Last night a teenager killed himself below my bedroom window. I heard it happen: first a crescendo of police sirens coming up the avenue at two in the morning, then a crash. The car was a big new Range Rover, which the kid had thought he could swerve at high speed into a side street–just like in the movies. At 9 today, the remains of his evasive maneuver were still spread over the sidewalk. A neighbor told me he died bare to the waist.
Walk around the streets of any big city and you, too, will see young people careen toward fatality, or damn close enough. Those out-of-control journeys have now become the special subject of filmmaker Erick Zonca. His first feature, The Dreamlife of Angels, won extraordinary praise (in these pages, as elsewhere) for charting the intersecting paths of two young women in the north of France: members of the working class who don’t work much, and who form an intense friendship till temperament pulls them apart.
Now two shorter films by Zonca are showing up on screens in the United States. (In New York, they’re at Film Forum through March 14.) Alone, a half-hour piece, was made just before The Dreamlife of Angels.

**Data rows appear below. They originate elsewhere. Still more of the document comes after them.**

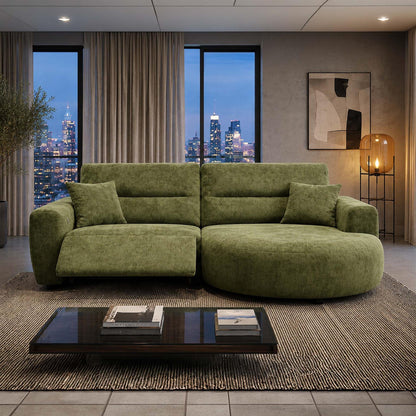 Denton Electric Recliner Chaise Sofa Left or Right Hand Facing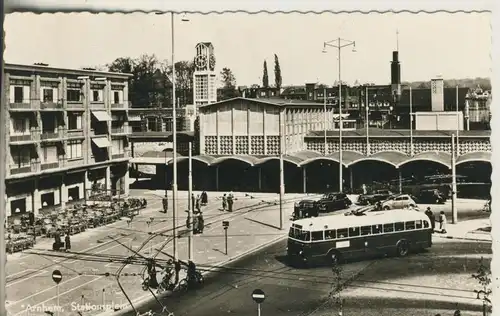 Arnhem v. 1963 Stationsplein (AK445)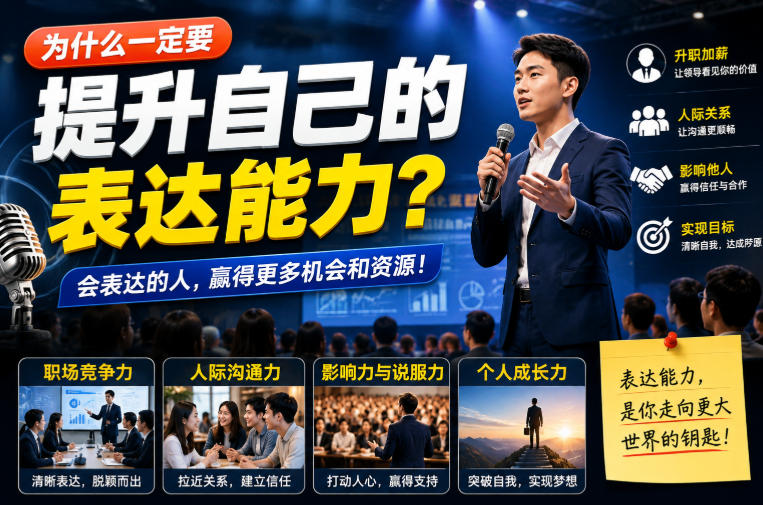 付费文章：为什么一定要提升自己的表达能力？-吾爱云课堂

The hourlong The Little Thief was made just after. Spare, direct and unsentimental, yet crafted with a moviemaker’s touch, they give us two more portraits of impecunious young people on their way toward catastrophe.
Alone and The Little Thief turn out to be a matched set: the first focusing on a girl who loses her job and her housing within the opening scene, the second on a boy who does the same. Both characters have leather jackets and bad attitudes; both fall in with companions of the same sex, who for a while seem instructive; both get in trouble with the law. That said, Alone is a more anecdotal piece, which sucks down its protagonist as efficiently as a fast-running drain. The Little Thief finds more time to invent circumstances and observe the surroundings, so that its protagonist has a measure of the free will that’s used and abused in The Dreamlife of Angels.

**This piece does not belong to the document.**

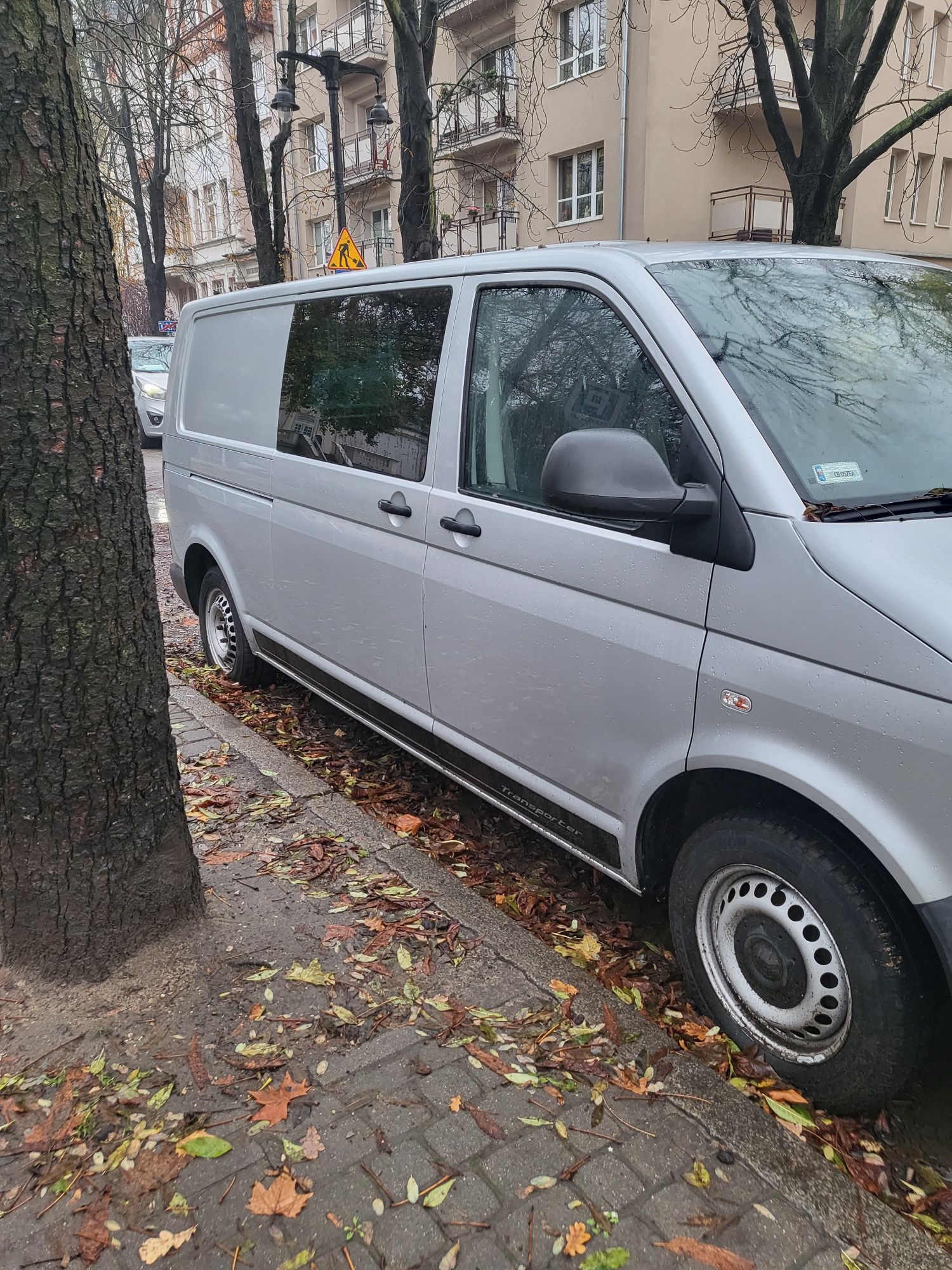 Sprzedam VW Transportera T5  2.0 TDI w wersji EKO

Set in Paris, Alone begins in the middle of traffic, through which Amélie (Florence Loiret) darts on her way toward work. She’s a waitress, though not for long. Fired for chronic tardiness and a manner that upsets the patrons’ digestion, she returns to her apartment to find that an African family has just moved in. What few belongings she has, the landlord will keep till she pays her back rent. “I’ll go on TV and denounce you!” she screams–which is as good a plan as she makes for the rest of the movie.
Thin, fine-featured and haggard, with eyes that burn beneath her dark, blunt-cut hair, Amélie retires to a doorway in which to smoke and brood. It’s while she’s slumped there, knees to chin, that Zonca introduces one of the two key objects in the film: A gun literally drops into her possession. She tucks it into her bag with the film’s other key object: 500 francs in severance pay, which she was given in the opening scene. We now know exactly how much money Amélie has to her name and exactly how long it will last. (She’s checked into a dump that costs 100 francs a night.) The only questions remaining are when she’ll pull the gun, and how.

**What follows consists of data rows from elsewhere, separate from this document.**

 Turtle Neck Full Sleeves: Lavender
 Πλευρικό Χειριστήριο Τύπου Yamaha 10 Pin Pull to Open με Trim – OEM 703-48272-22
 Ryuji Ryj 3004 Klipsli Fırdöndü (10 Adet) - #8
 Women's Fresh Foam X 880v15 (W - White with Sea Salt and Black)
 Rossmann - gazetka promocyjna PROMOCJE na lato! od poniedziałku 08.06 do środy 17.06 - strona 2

Being a realist, more or less, Zonca knows it’s not that easy to use a gun–especially not for a young woman who has never before been on the street. While on her downward path, which takes her through a day job at an open-air market to a night in a homeless shelter and at last to a point of crisis in an immigrant neighborhood on the outskirts of town, Amélie does everything she can think of with the gun. She tries flaunting it, selling it, dumping it. Begging is easier, almost. She’s taught how by a young woman of similar size and coloring (Veronique Octon), who might be a foreshadowing of Amélie in a few months’ time. But it seems the future won’t take exactly that form. When Amélie at last tries to beg, she has to force her arm into place, clutching her left hand against the right arm’s crook. It’s a pose you’d assume while waiting for a tourniquet.